I'm looking for a C/C++ functional equivalent to HTML::Defang, and my Google-fu has not been able to uncover anything. I want to keep any benign tags and strip out/defang everything else. Lacking an actual library, any pointers to complete lists of tags/attributes/etc to defang would be appreciated. I know of http://en.wikipedia.org/wiki/DOM_Events. Thanks.

lucideer
  • 3,842
  • 25
  • 31

2 Answers2

1

In Java, I use JTidy to clean up HTML. I'm not sure if it would suit your needs, but if you Google for JTidy you can follow the link to a C/C++ implementation as well, and see if it does what you want.

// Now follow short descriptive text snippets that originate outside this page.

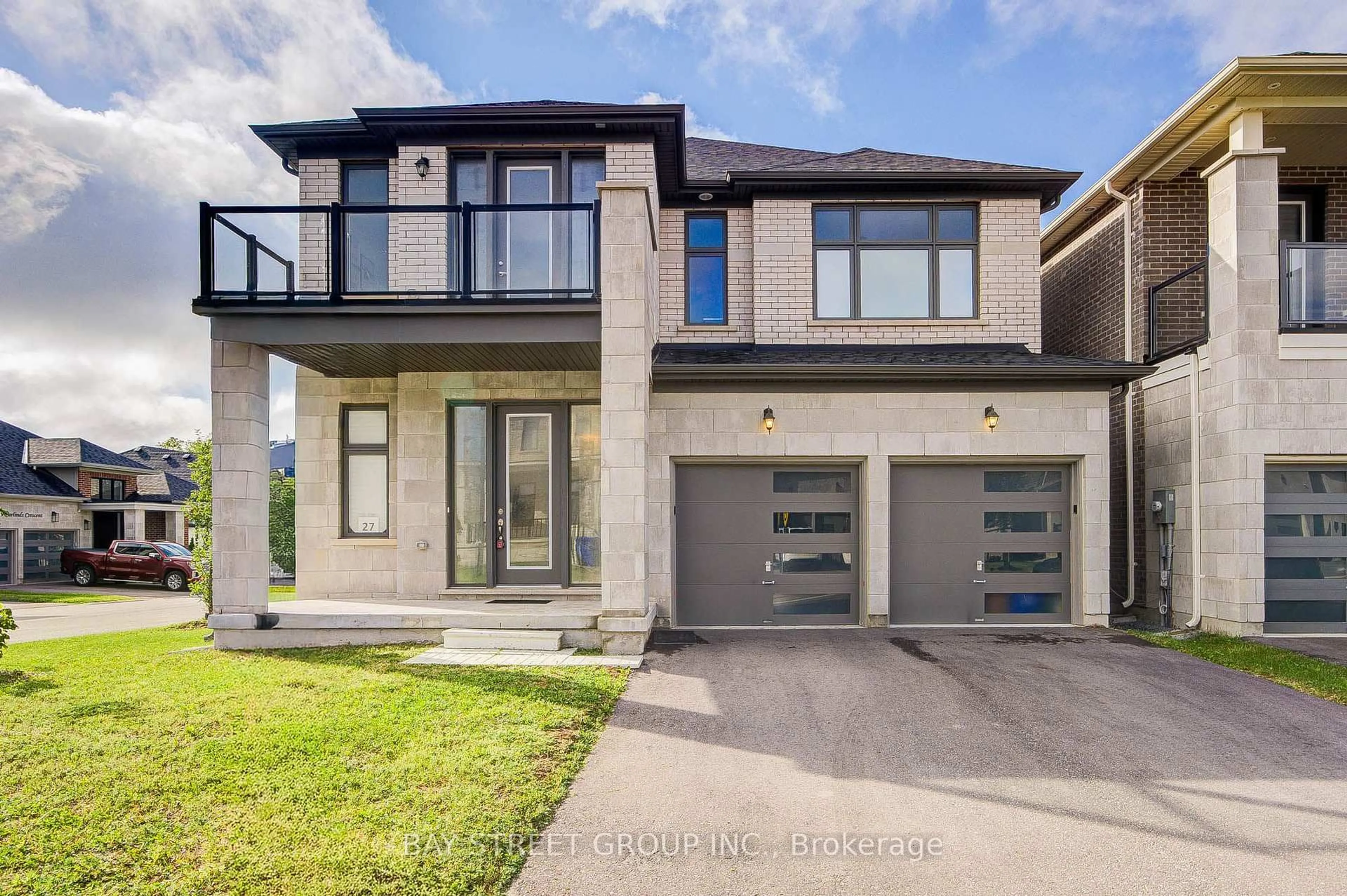 Home with brick exterior material, street for 27 Hearthwood Gate, Whitchurch-Stouffville Ontario L4A 4X1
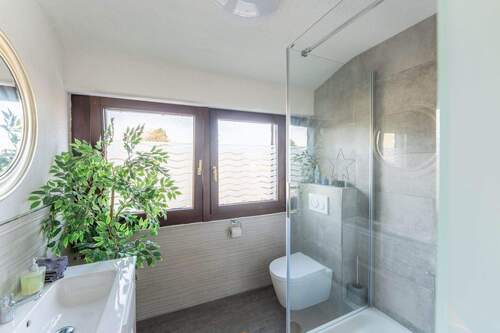 Badezimmer Dachgeschoss - 
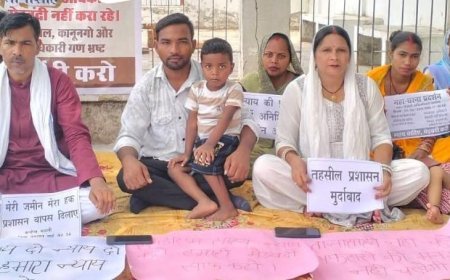 Sitapur : प्रशासनिक आदेश के बाद भी मेड़बंदी न होने से नाराज जिला पंचायत सदस्य कन्हैया भारती धरने पर बैठे, सिधौली शहीद स्मारक पर प्रदर्शन शुरू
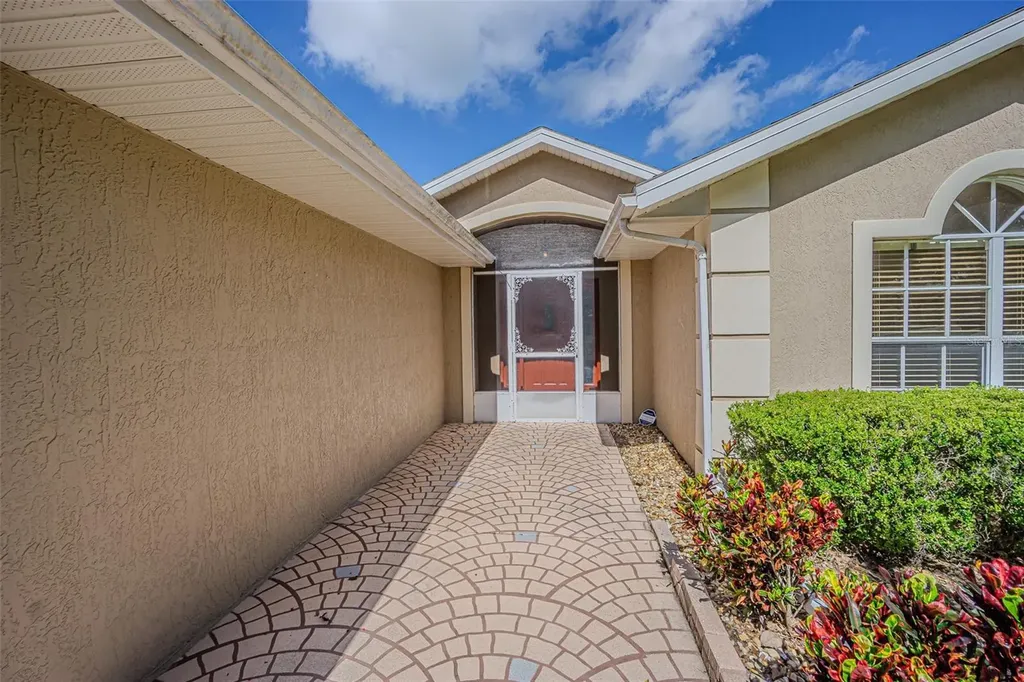 11027 Dormie Drive San Antonio FL 33576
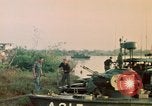 Immagine di Imbarcazione di pattuglia River Il Vietnam, 1968, secondo 37 filmato di repertorio 65675055575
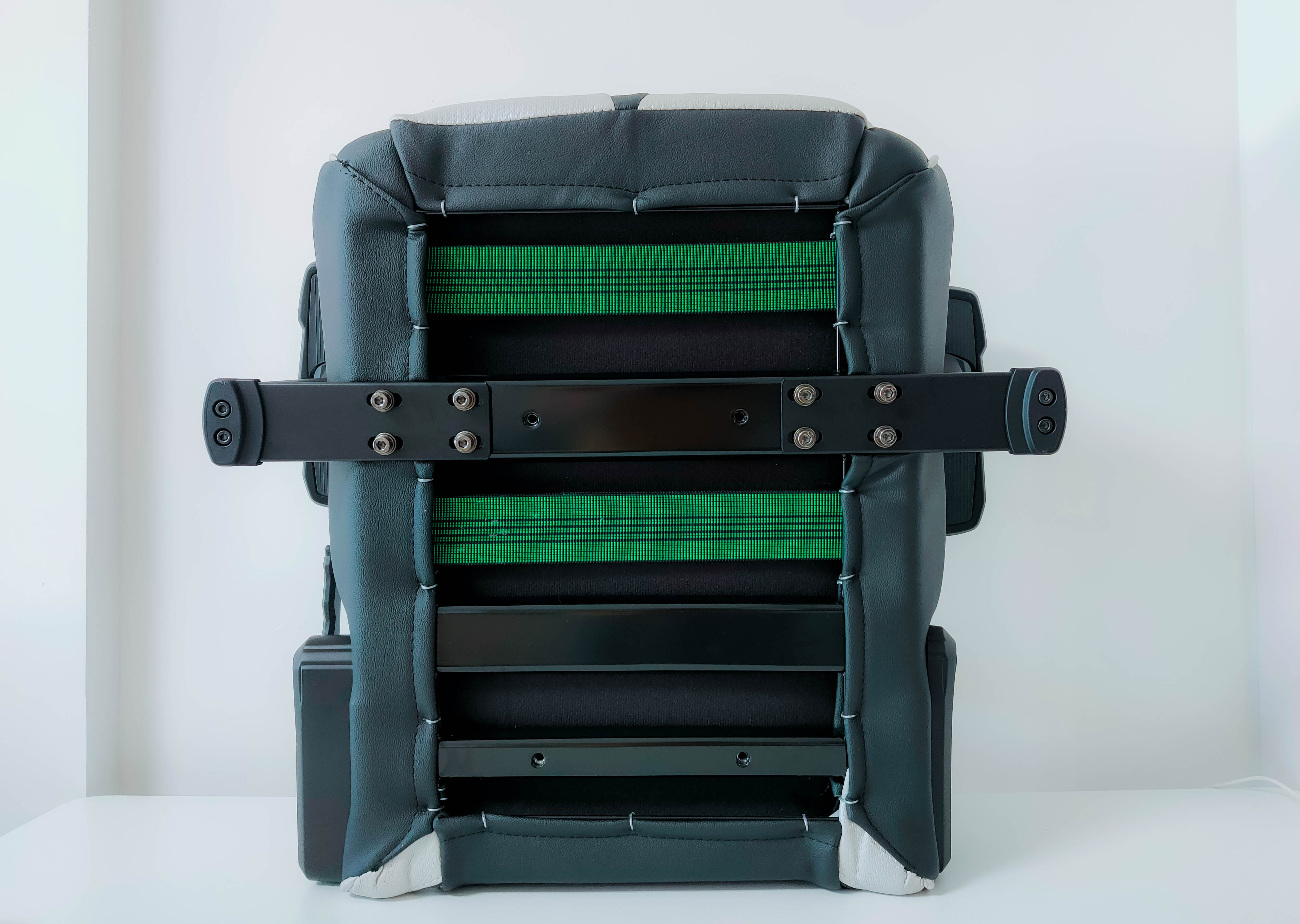 与高达、蝙蝠侠组队，ikbc机械键盘+安德斯特电竞椅套装评测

As for what to defang: Look at the W3C specs for HTML; any tag not in there doesn't belong in HTML. But again, I could be misunderstanding your "defang" concept.

Carl Smotricz
  • 66,391
  • 18
  • 125
  • 167
  • Basically what I want is what web-based email systems do when presented with HTML email. Display what they can, nuke the rest, including any attacks. –  Dec 17 '09 at 19:16
  • This is more an art than a science. I think you'd do well to let Tidy strip out any scripts. But I can't evaluate Tidy for you. Try it! – Carl Smotricz Dec 17 '09 at 19:18
1

libxml2 is free and should do what you want.

http://www.xmlsoft.org/

See this part of the API: http://www.xmlsoft.org/html/libxml-HTMLparser.html

The htmlReadFile() function might do the trick.

To get you started with libxml2 some examples can be found here:

http://www.xmlsoft.org/examples/index.html

jcoffland
  • 5,238
  • 38
  • 43